*** Records provided ***
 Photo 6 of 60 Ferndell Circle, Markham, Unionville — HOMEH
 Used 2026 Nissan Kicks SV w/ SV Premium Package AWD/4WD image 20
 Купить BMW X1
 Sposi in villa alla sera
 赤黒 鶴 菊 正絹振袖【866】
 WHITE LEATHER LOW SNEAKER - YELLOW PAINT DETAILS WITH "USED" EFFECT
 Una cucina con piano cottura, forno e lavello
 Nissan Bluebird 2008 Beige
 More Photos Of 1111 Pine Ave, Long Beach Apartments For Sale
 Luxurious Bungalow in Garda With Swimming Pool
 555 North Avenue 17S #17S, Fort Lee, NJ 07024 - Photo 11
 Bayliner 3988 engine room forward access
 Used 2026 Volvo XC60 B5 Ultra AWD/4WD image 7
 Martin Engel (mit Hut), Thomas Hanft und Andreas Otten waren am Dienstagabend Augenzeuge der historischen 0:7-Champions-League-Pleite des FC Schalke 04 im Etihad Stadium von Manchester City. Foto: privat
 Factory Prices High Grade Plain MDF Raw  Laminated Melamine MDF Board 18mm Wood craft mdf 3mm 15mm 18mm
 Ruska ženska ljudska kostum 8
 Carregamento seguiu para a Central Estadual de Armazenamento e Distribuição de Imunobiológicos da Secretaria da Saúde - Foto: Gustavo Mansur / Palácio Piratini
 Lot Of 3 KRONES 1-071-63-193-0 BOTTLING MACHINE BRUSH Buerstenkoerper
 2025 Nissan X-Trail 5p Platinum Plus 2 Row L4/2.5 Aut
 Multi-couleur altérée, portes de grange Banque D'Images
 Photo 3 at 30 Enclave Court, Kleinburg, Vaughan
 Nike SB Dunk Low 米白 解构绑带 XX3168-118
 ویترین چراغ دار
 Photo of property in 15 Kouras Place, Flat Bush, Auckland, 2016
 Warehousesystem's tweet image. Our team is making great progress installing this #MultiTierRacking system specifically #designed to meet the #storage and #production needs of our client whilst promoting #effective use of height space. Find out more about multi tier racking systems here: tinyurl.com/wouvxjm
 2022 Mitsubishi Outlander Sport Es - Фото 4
*** End of Records provided ***
● **Prompt**:
Everything from the line with "Photo of property" down to the final line above is to be retyped exactly. Leave the earlier lines out.

● **Finished exercise**:
 Photo of property in 15 Kouras Place, Flat Bush, Auckland, 2016
 Warehousesystem's tweet image. Our team is making great progress installing this #MultiTierRacking system specifically #designed to meet the #storage and #production needs of our client whilst promoting #effective use of height space. Find out more about multi tier racking systems here: tinyurl.com/wouvxjm
 2022 Mitsubishi Outlander Sport Es - Фото 4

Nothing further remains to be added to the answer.